Where are you from, and when did you first begin learning music?
I was born in the west of Romania, in Timisoara. I grew up in the capital, Bucharest, where I also attended school. I started in ’74, when I was six years old…which was about 10 years ago. [laughs] We learned differently there; here in the U.S., most of the kids begin with Suzuki recorders, learning to play a little tune on the instrument without actually learning to read music. In our system, we didn’t touch an instrument for a year. We learned to sing, to read the music, to understand notes, pitches. After that year, we were allowed to choose an instrument.
Describe your history and your upbringing.
When I was born, Romania was a communist country. During the Revolutions of 1989, when that regime fell, all the European countries were changing. I believe Romania was the bloodiest one. I had just started my first year in college, at the conservatory, and I remember demonstrating in the plaza downtown. And you can write anything I say about the regime — it’s my personal opinion, and my opinion was the reason I went into the plaza.
What sort of challenges, if any, did the regime present to your music education?
The music programs were incredibly good, and that’s a big surprise, right? On the other hand, we had the oppression of the regime: you couldn’t travel, there was no freedom of speech. The Romanian language has a funny way of letting you speak, with double [entendre], meaning you say one thing but you mean another. So people made a lot of jokes about the regime, but you had to be careful about who heard these things because you could end up in jail. I remember one time, I was in fifth grade, and we had to study the communist constitution. At one point, we were asked to write down our favorite and least favorite subjects. Of course, my least favorite subject was the constitution, so my dad was called to school. And he was told by the party secretary at the school, “We’re not going to make this public, but please let your son know he cannot say this, especially in writing.” And my dad came home, pleading, “Don’t do that anymore, you’ll get us all in trouble!”
A day without music would be so empty.
But music, as a form of expression, was encouraged?

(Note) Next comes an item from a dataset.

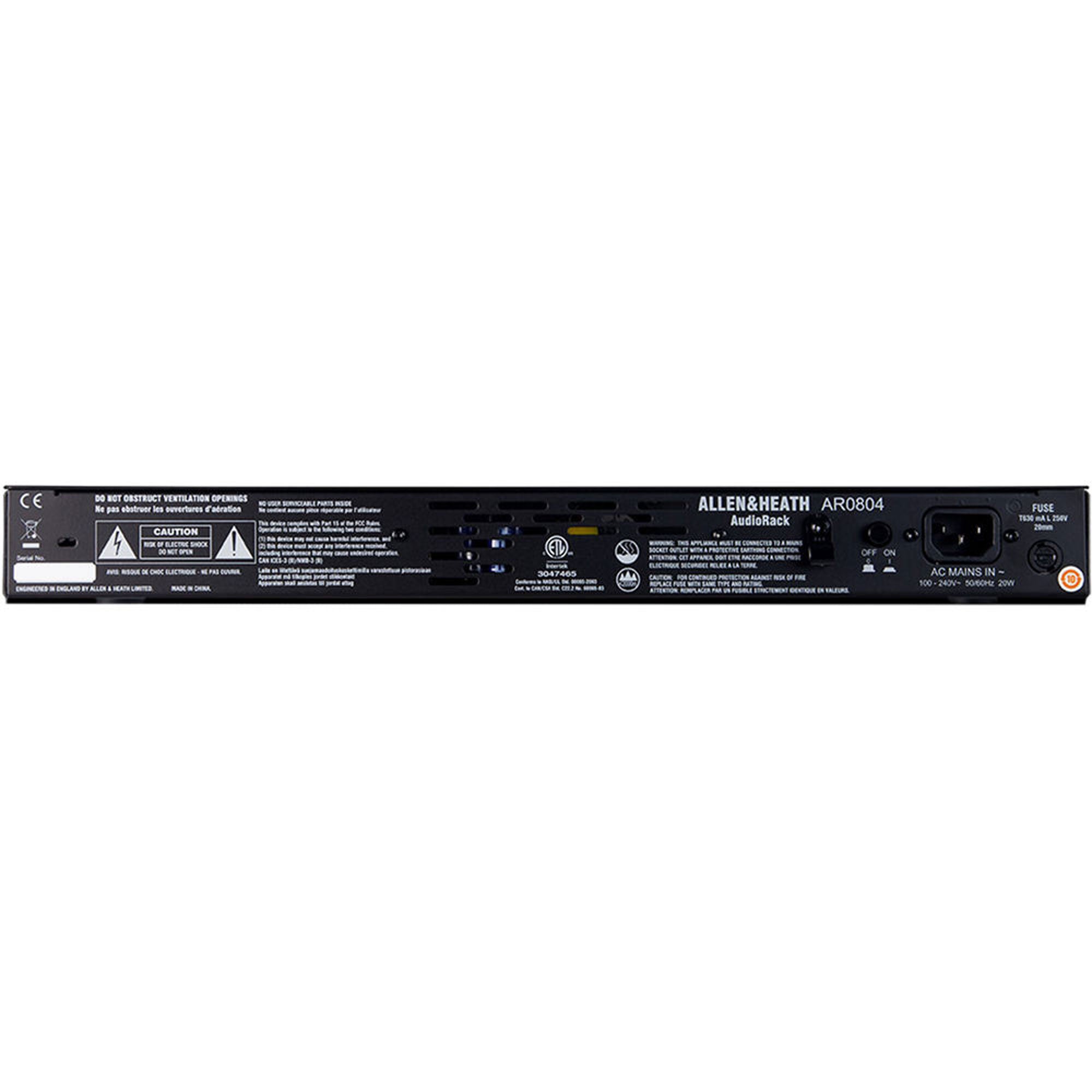 Allen & Heath AR84 Expansion AudioRack for GLD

Yes! There were lots of things that we didn’t have at some times—hot water, electricity—but I was still able to learn. To save money, the government would shut down entire neighborhoods at night. You’d look outside, and everything was dark. So what do you do, then, when you have no power? You study. You practice the violin. That’s one of the reasons why, people saw, through sports or through music, a way out. The concert halls were packed, although it was freezing in the halls because there was no heat. The performers all wore hats and coats and gloves without fingers. The soloist would have a heater next to the piano, so he could warm up his hands between pieces.
What are the various ways in which you prepare for a performance?

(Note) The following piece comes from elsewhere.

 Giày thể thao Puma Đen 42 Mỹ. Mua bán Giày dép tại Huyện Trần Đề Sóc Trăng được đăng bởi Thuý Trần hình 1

The preparation started years ago. All of our high schools were very specialized. You couldn’t be unsure of your major; you had to know. We were taught to be competitive. The state couldn’t afford to pay for school for everybody, so every few grades would have an entrance exam, to test whether you would continue. We were competing to get into the next grade. So I was trained, before I ever left school, to deal with pressure, and that has helped me during my career. Mentally, it started there, in Romania. Training for each performance is usually a long period. The piece I’m preparing now, I played in school, so it’s not new to me. Still, I started re-learning the piece 9 months ago.

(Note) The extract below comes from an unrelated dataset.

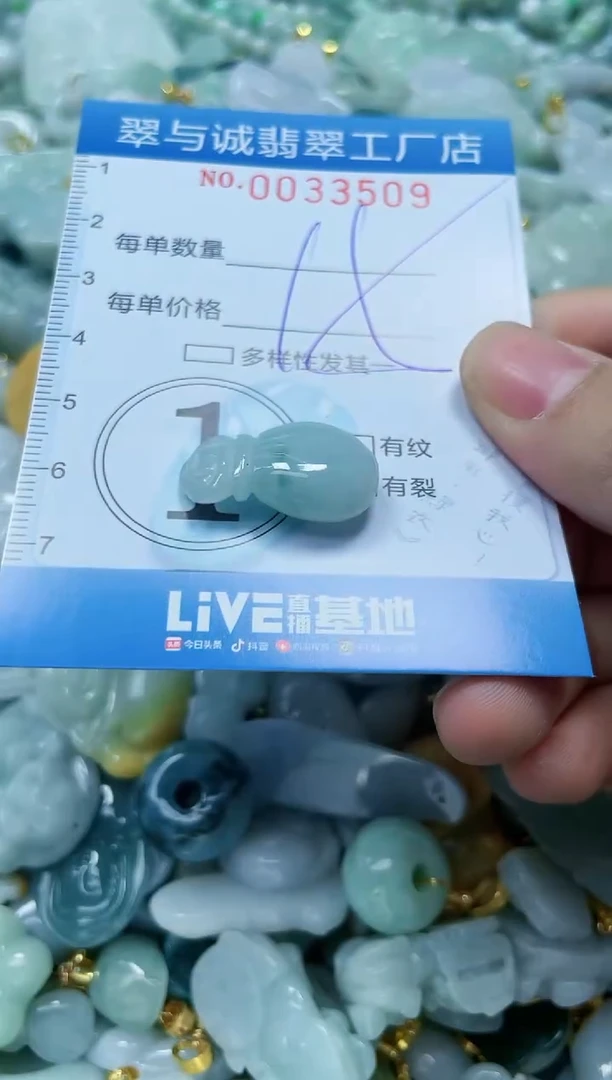 【闪购商品】翡翠颈饰未镶嵌闪购0033509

That’s 9 months straight of rehearsing. So after a performance, surely there’s a feeling of accomplishment?
Well, we musicians, we’re perfectionists. We’re never happy. [laughs] That’s how we improve. A live performance, you can’t redo. The margin of error on that instrument is so small; if I move my finger just a tiny bit, I’m out of tune. You have to nail it so many times in a row, absolutely perfectly, so that you have a chance to get it the first time on stage. I hope that, when I perform, Thursday, Friday, and Saturday are all different. I’m not talking about quality; I’m talking about interpretation. There’s always the moment, and the moment is just what you feel that day. Maybe you feel it a little slower, a little faster, or more lyrical. That’s the beauty of going to a live performance, rather than listening to a recording, which is always the same. I believe that these [pointing to his smartphone and the speakers on the walls] are fake. Recordings don’t communicate the life and the energy of the live performance.
How do you think your performances and the Charlotte Symphony Orchestra as a whole fit into the performing arts scene in the city?
I do what I love: I’m playing music for people. I don’t know how to do anything else. If I try to do something around the house, I’m going to hurt myself or hang a nail or something. I’ve never wanted to do anything else. I feel very lucky; I’m surrounded by great musicians all the time. Financially, it may not seem fulfilling, but I think — all of us, all my colleagues — we’re not doing this for money. Every city deserves a cultural organization like this, a symphony orchestra. We provide the requisite classical music to the city. If we were to stop playing, I think people would really miss it. Everyone, at some point during the day, listens to music. Imagine: a day without music would be so empty.